Laduni.ID, Jakarta - Dalam setiap pertemuan, Presiden ke-4 Indonesia, KH. Abdurrahman Wahid atau Gus Dur (1939-2009) selalu memiliki cara unik untuk menghadirkan kebijaksanaan dalam balutan humor yang menggelitik. Salah satu momen yang paling membekas adalah obrolannya dengan Jaya Suprana, seorang maestro seni dan humoris ternama. 

Percakapan mereka bukan hanya penuh tawa, tetapi juga menggugah pemikiran tentang kehidupan, kebangsaan, dan kemanusiaan. Seperti dua sahabat yang saling melengkapi, dialog mereka membuka perspektif baru yang tak hanya menghibur, tetapi juga menginspirasi. 
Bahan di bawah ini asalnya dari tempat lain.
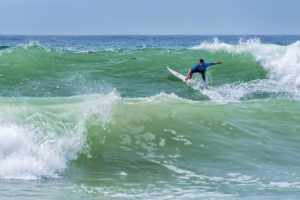 Surfer riding a nice wave during World surf league competition in Lacanau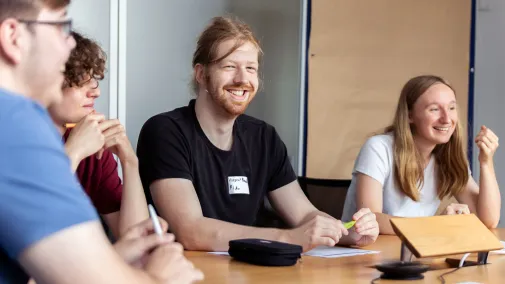 Ansicht von Auszubildenden die in einem Meeting zusammen sitzen.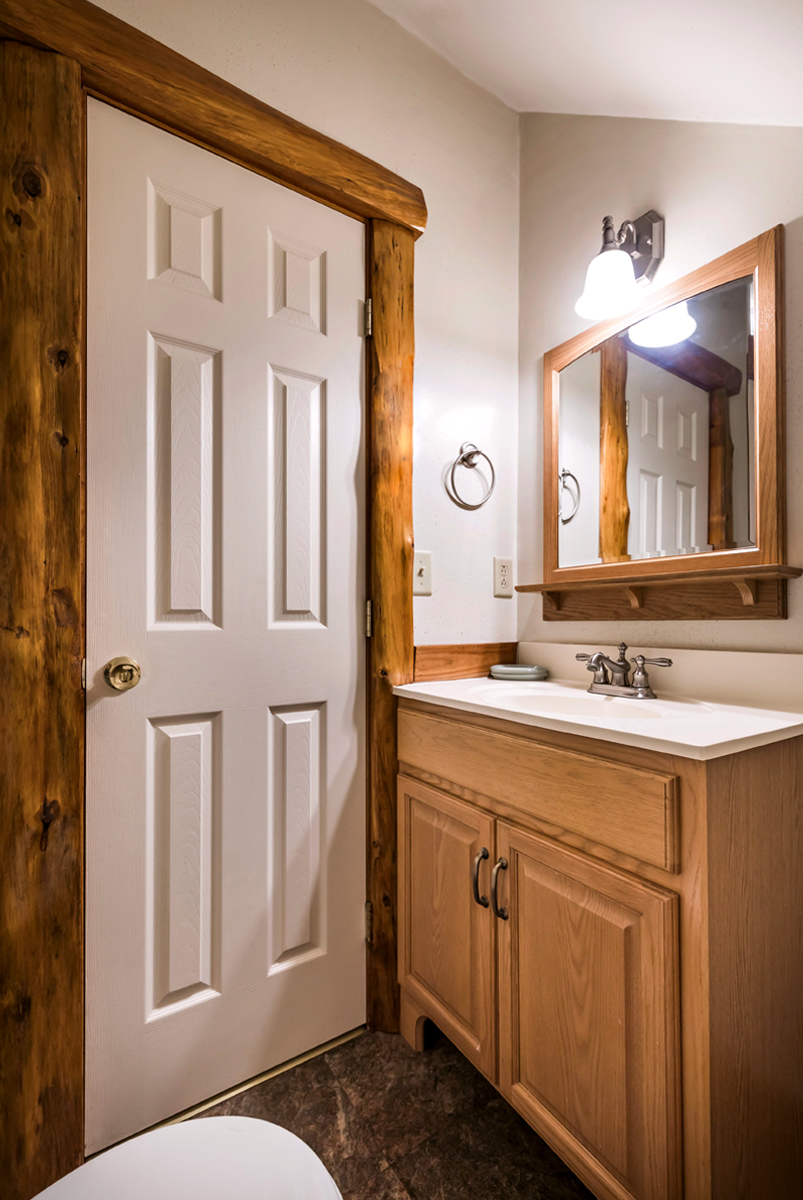 Half bathroom in a Longfellow Cabin at Gateway Lodge in Cook Forest, Pennsylvania, featuring a light wood vanity with a white sink, a wooden-framed mirror, and rustic cedar trim around the door.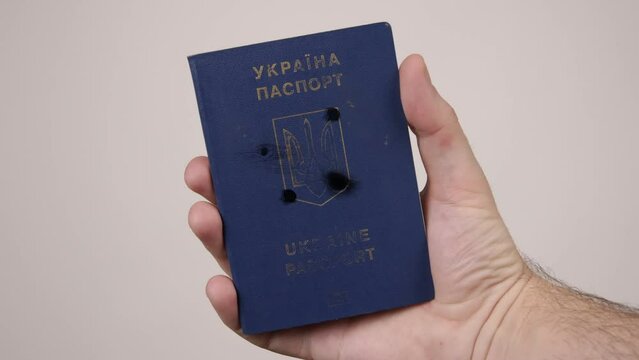 Holes in shot Ukrainian passport. Concept of occupation of the country, the war in Ukraine. Male hand holding a blue document. Russian aggression, occupiers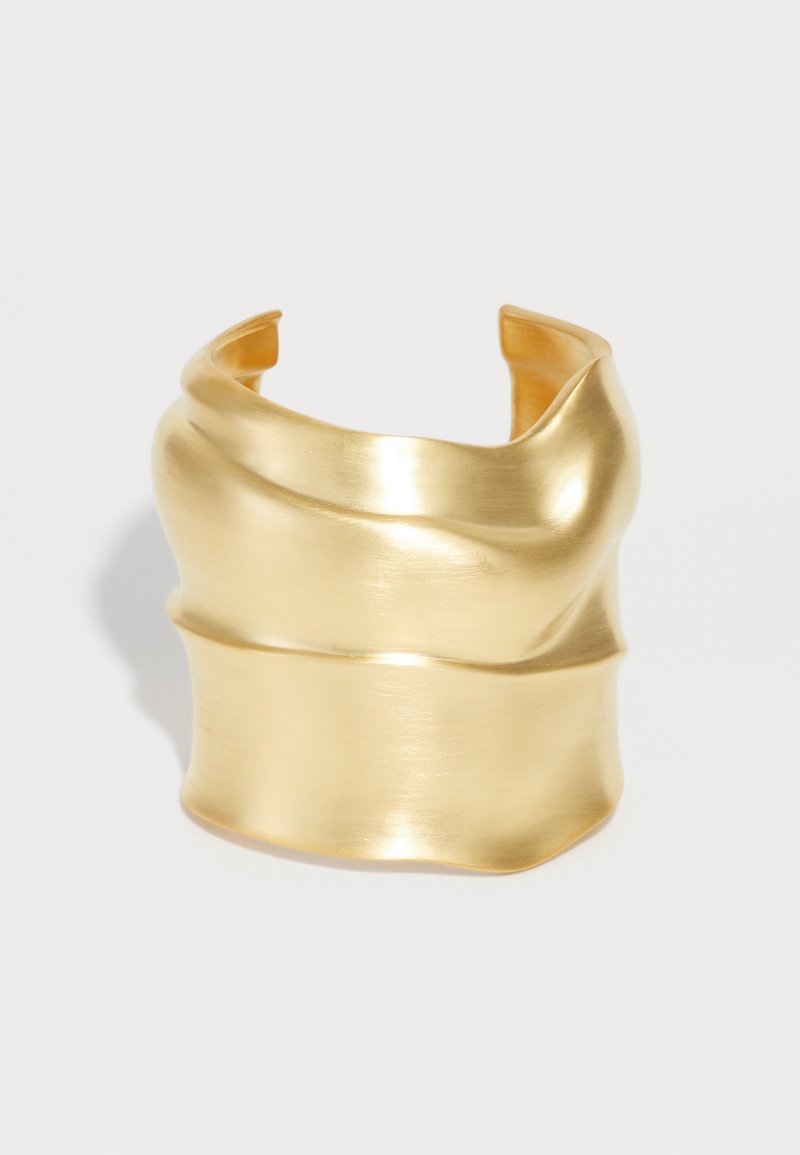 Βραχιόλι μανσέτας σε χρυσό χρώμα με κυματιστό, γλυπτικό σχέδιο. Λείο φινίρισμα από βουρτσισμένο μέταλλο, ανοιχτή πλάτη και οργανικό σχήμα χωρίς ορατούς συνδετήρες.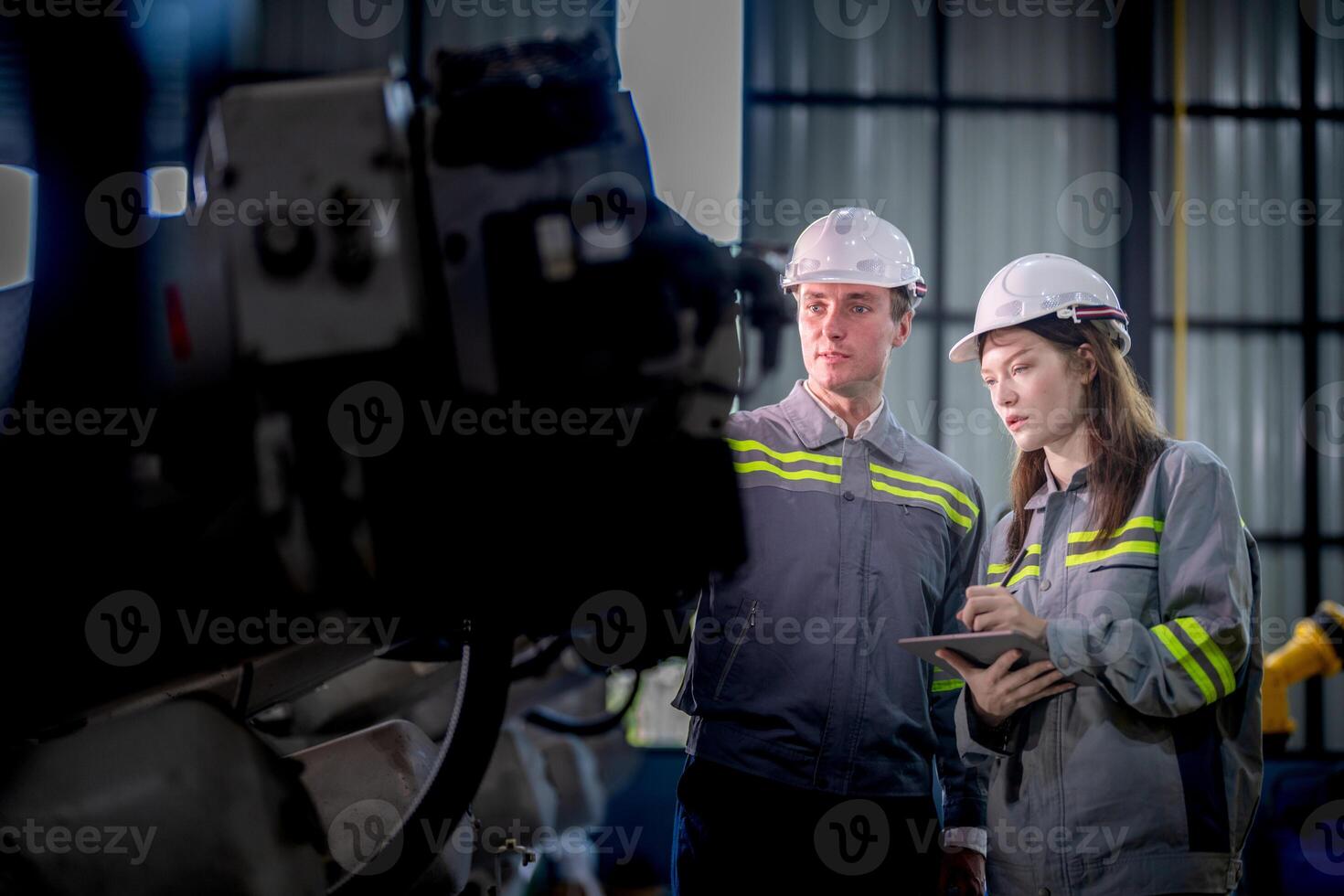 Factory engineer woman inspecting on machine with smart tablet. Worker works at machine robot arm. The welding machine with a remote system in an industrial factory. Artificial intelligence concept. photo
Gus Dur mengisahkan Abu Nawas, seorang tokoh yang dikenal karena humor dan kecerdasannya, namun di akhir hayatnya menjadi seorang sufi besar. Salah satu puisi ciptaannya yang terkenal, "Ilahi Lastu Lil Firdausi Ahla," mencerminkan kedekatan spiritual yang mendalam. Dalam puisi tersebut, Abu Nawas dengan rendah hati mengungkapkan ketidakwajarannya masuk surga, namun juga ketidakmampuannya menghadapi neraka. Lagu ini, yang usianya lebih dari 1200 tahun, masih dilantunkan di banyak tempat, termasuk masjid-masjid dan pesantren di Indonesia.

Jaya Suprana mengupas makna "Lir Ilir," sebuah tembang Jawa karya Sunan Ampel. Liriknya yang berbunyi, "Lir ilir, tandure wis sumilir, tak ijo royo-royo, tak senggo temanten anyar," adalah metafora tentang kebangkitan spiritual dan budaya. Lagu ini menjadi jembatan antara ajaran agama Islam dengan kebudayaan lokal, menciptakan kebijaksanaan yang bertahan hingga kini.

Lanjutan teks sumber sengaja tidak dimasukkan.